In a word, no. But, I hear you 100% on this promising medium. Someday, someone will make distance video training work well.

Until then, there are many good tips to be had in even the worst of free videos, and not just negative examples, like you try it at home, the graver slips under the work, cracking off beautiful conical pivots you spent so much time getting just where you wanted. What a great teacher though! Only one youtuber I know of (Steffen Pahlow) ever released a mistake, sharing a temporary setback, helping me develop some patience for my own mistakes. That's how I took his pocketwatch-case spring-making episode: I was no longer alone. Having slipped (not just .1 mm) many times with a hand graver, using a cross-slide at all times possible is sage advice. And, if your eyes are straining, as most of ours have, take a break and go look out the window for a bit. A wise man once said "all in good time..."
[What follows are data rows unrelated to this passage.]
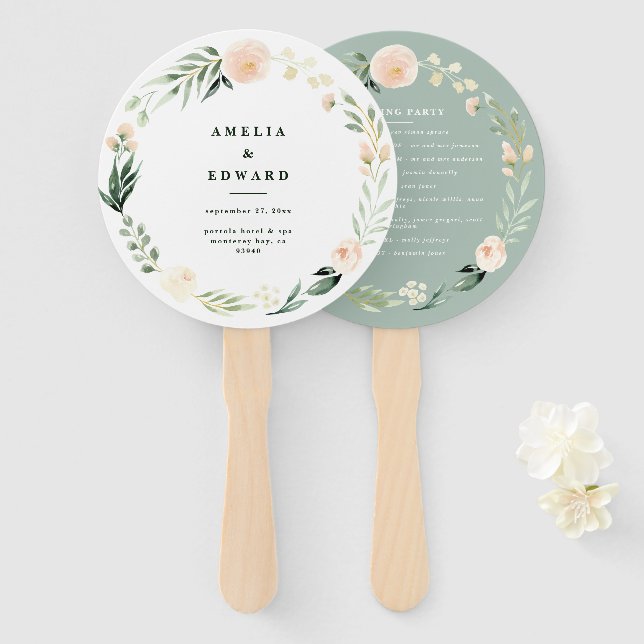 Blush, peach floral + foliage wedding hand fan (Front and Back)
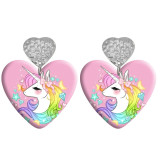20 styles Love Unicorn Christmas pumpkin pattern Acrylic Double sided Printed stainless steel Heart earings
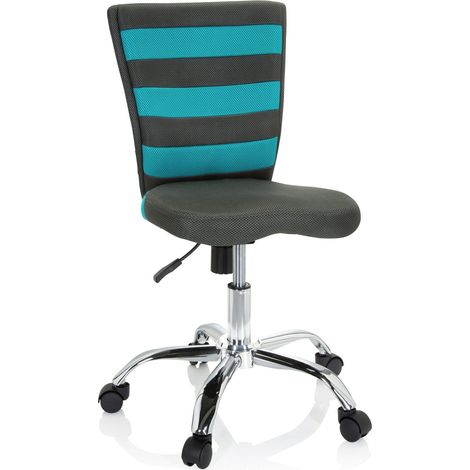 Kinderschreibtischstuhl / Kinderstuhl KIDDY COMFORT I Netzstoff grau / türkis hjh OFFICE (1/5)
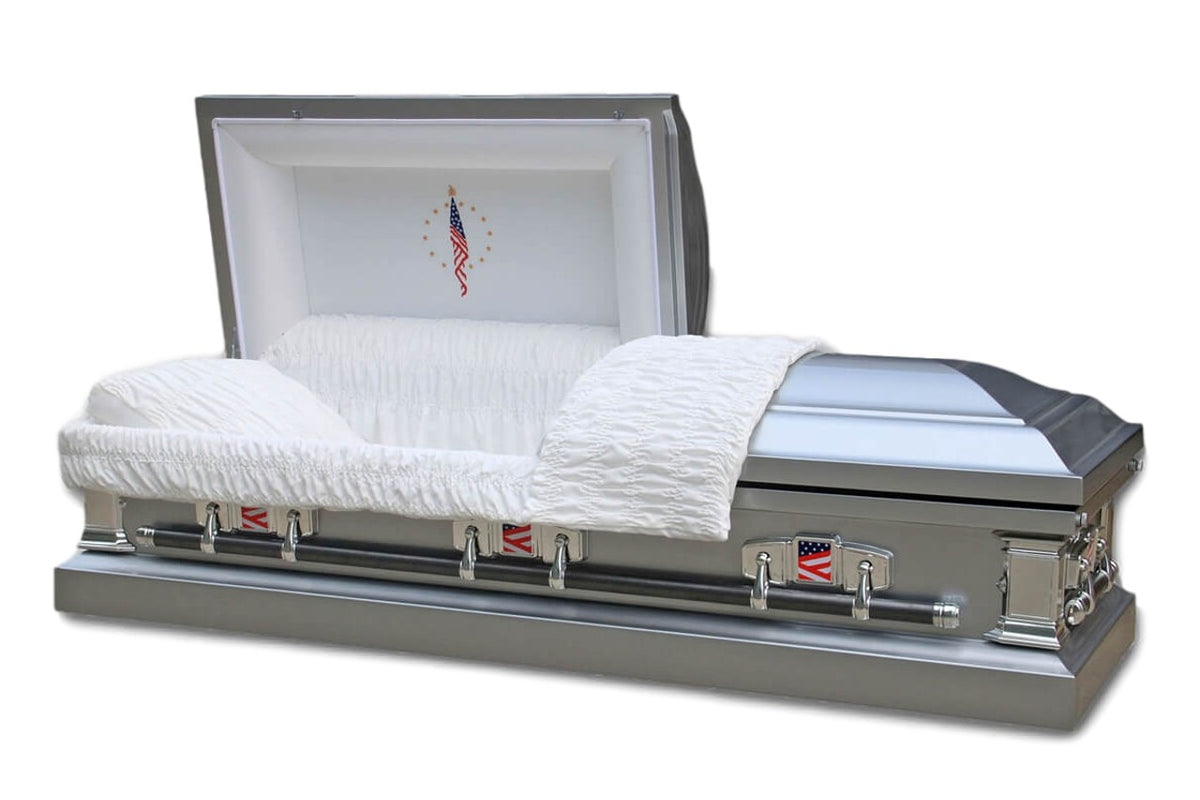 Veterans Stainless Steel Casket in Silver Finish with White Velvet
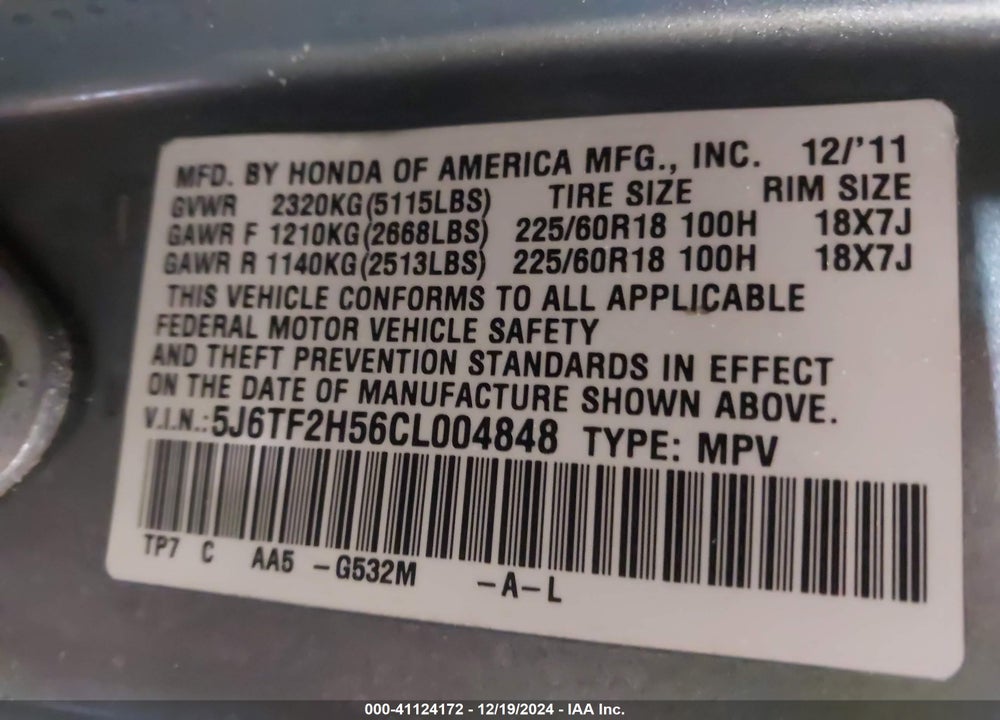 2012 HONDA CROSSTOUR EX-L VIN: 5J6TF2H56CL004848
I also started late, which is why I have so many bad habits to work on that jump out in videos I see. I do not have any suggestions for any comprehensive video courses, but others may know. And, I believe many US onsite schools have now closed or returned to an unaffiliated status, so I can't speak for them, either. I hope you can make one of the classes Jerry mentioned. In my search, only the British Horological Instute offers a solid course where you can learn a "right and proper" traditional craft at your own pace, and submit your hand made practical work for tutor evaluation and constructive criticism, so this would be my suggestion to anyone (old or young) who wants to learn traditional watchmaking methods at home at a reasonable cost without relocating, losing the income from their current job, etc. Here's a link: DLC Technician Grade : British Horological Institute

Finally, not all youtube horologists are well-meaning amateurs. We all have our favorites, and videos are often not restricted to a single topic such as turning free-hand on a small lathe without cussing. Steffen Pahlow is someone I admire, likewise Roger Smith (rwsmithwatches), and Chris Budiselic (clickspring). There (were?) a few others, such as the Lititz SAWTA school (perplxr), but they have clawed back most of their great videos for legal and industry-specific reasons. Adding to what Jerry said, about machine tool procedures, if you wanted to learn basic machine shop skills, you would have to tolerate his intolerable sense of humor, but there is a Canadian guy who taught at a trade school all his life who has a channel with much to learn from: thatlazymachinist. Take the good parts with you for years of safe and accurate machining! More advanced, and (to me) very interesting is Stefan Gotteswinter. There are others, but I appreciate his quest for precise measurement and attainable accuracy, practical approaches to problems, and finding creative solutions expressed via the varied mechanical arts.

Do you know any video or demo of the Waller sharpener?
Sorry, Thomas, I don't, but like their handles more than their sharpening tools. Levin makes a much better (IMHO) lap and jig, the Levin Carbide Graver Grinding Set. It is not hard to see how either would be used, but there may be videos out there. Are they good instruction? Dunno. The best lap I've ever seen is for hand engravers using steel alloys, but it's $uper expensive, the GRS power hone. Maybe if I win the lottery?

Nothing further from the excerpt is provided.